Melville scholar Helen Trimpi considered The Confidence-Man to be both a political satire and a novelistic adaptation of pantomime and commedia dell'arte puppetry. In her political reading, Trimpi argues that the titular Confidence-Man is symbolic of the antebellum Republican Party. This identification leads into Trimpi's observation that routinely "his [the Confidence-Man's] antagonist is a Democrat, Nativist or other opponent of the Republicans" and the collision of each character's worldview of human nature as good or selfish in the various cons. Trimpi views the thesis of the novel as pleading for moderation on the slavery question for the continuity of the Union. In her view, Melville uses the novel to warn of propaganda's tendency to mold and inflame public opinion, particularly when faced with "sectional controversy." Melville's characterization, which uses pantomime archetypes, enables a reading of The Confidence-Man where "the premise of the book is that the people in it are all acting out predetermined roles." This reading also suggests that the novel proposes that "the world may be a carnival, fair, or Shrovetide masquerade where man himself... passes in parade, always wearing a mask." In his examination of the novel as satire, Cook also recognized theatrical elements like pantomime, minstrelsy, and farce.

===As allegory===
The novel has been interpreted as an allegory similar to Hawthorne's "The Celestial Railroad," drawing on the Christian allegorical tradition shown in The Pilgrim's Progress.
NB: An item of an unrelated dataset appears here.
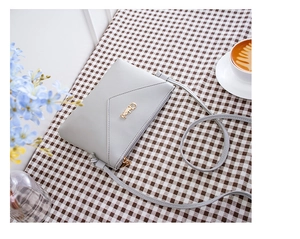 Gray faux leather crossbody phone bag with litchi texture and gold metal logo on grid cloth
Using Christian typological reading, parts of the narrative in The Confidence Man can be linked to the Bible, The New Testament, and the Book of Revelation in ways that are significant to its narrative. These typological readings usually rely on the division between the first part of the novel, in which the confidence man cons passengers in various disguises, and the second part, in which the Cosmopolitan, another avatar of the confidence man, discusses various topics with other passengers. Viewed through the lens of biblical typology, the first part can represent a focus on Mosaic law, while the second part emphasizes Christian virtues of grace and charity. Thus the entire volume becomes a typological representation of the two Testaments of the Bible. The novel can also be read as a typological representation of the pre- and post-crucifixion portions of the New Testament, with the first part representing Christ's coming to earth, and the second part representing his final weeks. As a typology of the Book of Revelation, the confidence man becomes an antitype of both Christ and Antichrist.
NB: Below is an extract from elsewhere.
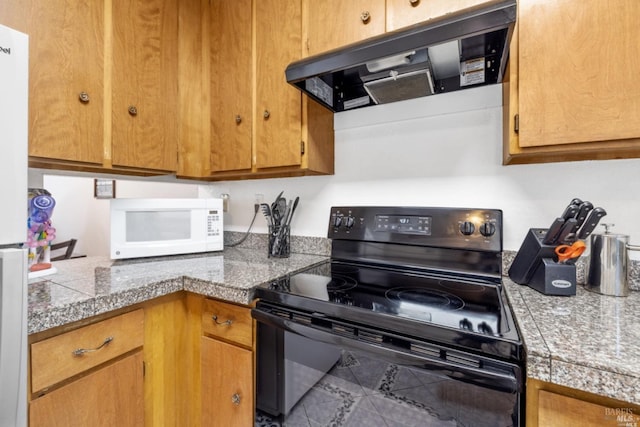 kitchen with white appliances, tile counters, brown cabinets, and exhaust hood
===Modernity and modernism===
Katie McGettigan, a senior lecturer in American literature at Royal Holloway, University of London wrote a book on Melville and Modernity. She argues that The Confidence-Man engages with mass-produced text and printing in a way that anticipates Walter Benjamin's work on the subject. The novel is modeled after various works that were published in the literary magazines of his day. This mass-reproduction of work led to "the dissolution of the link between authenticity and originality". Rather than a religious allegory, McGettigan sees the book as "novel and periodical, original and copy, frustrating and pleasurable"—a work that attests to "the aesthetic power and creative potential of multiplicity." The resulting work revels in "the partial, multiple, and modern." In a book on theater and the Market in America, Jean-Christophe Agnew, an American studies professor at Yale, saw The Confidence-Man as looking backward and forward like Janus. The "corrective criticism" the novel uses looks back to ancient times, while its aggressive ambiguity looks forward to modernist stances. Melville uses the inherent contradictions of market exchange to "deconstruct Common Sense, the conventional novel, and, in the end, Melville's own relation to his reader."

==Literary analysis==
===Characters and characterization===
Foster called the character of the Confidence Man "Melville's most ironic and bitter presentment of his half-mystical apprehension of evil at the heart of things," or in other words, the Devil. She noticed that some readers saw the Confidence Man as one man wearing disguises throughout the book, while others thought he was only one of these men. One reviewer saw him as a good person trying to get others to be more trusting, while others saw him as a swindler. Foster's interpretation of the confidence men as various disguises of the Devil, with the novel as religious allegory, has become a standard interpretation of the novel. Critics Leslie Fiedler, Lawrance Thompson, and Malcolm O. Magaw disagree and see the confidence man as a manifestation of God. Quirk disputes either allegoric interpretation, arguing that Melville would be unlikely to use such a consistent device in his fiction, when he usually used his fiction as a mode of philosophical exploration. An article by Jason M. Wirth, a philosophy professor, discusses self in The Confidence-Man. Wirth interprets the titular character as constantly changing his appearance, which is implied by the subtitle "His Masquerade" and the chapter where the narrator disputes the common authorial wisdom that characters should remain consistent. The confidence man takes advantage the uncertainty of who is trustworthy. In finding the method to gain another's confidence, one "exposes the self's fundamental attachment and commitments". Still another reading of the eponymous "confidence man" is that Melville himself performs a confidence trick on the reader through the convoluted narrative.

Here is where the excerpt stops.